* _EXERCISE_
Find the word "image" in the listing. Copy out each line where it occurs.
○ ○ ○ ○ ○
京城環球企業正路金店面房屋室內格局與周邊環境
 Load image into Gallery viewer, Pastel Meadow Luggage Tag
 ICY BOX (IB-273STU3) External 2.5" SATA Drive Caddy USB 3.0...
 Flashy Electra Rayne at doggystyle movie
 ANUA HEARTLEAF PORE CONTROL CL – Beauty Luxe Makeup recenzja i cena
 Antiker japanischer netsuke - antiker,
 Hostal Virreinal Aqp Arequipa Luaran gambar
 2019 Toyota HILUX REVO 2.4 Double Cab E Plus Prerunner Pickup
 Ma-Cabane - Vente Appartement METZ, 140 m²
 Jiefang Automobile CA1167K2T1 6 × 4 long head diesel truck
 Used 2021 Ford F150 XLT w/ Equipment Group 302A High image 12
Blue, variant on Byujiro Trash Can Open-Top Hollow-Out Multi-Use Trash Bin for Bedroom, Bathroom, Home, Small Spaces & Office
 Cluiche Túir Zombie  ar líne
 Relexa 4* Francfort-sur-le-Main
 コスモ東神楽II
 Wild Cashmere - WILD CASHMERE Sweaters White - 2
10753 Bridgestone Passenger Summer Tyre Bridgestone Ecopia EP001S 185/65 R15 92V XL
○ ○ ○ ○ ○
* _TASK OUTPUT_
 Load image into Gallery viewer, Pastel Meadow Luggage Tag
 Used 2021 Ford F150 XLT w/ Equipment Group 302A High image 12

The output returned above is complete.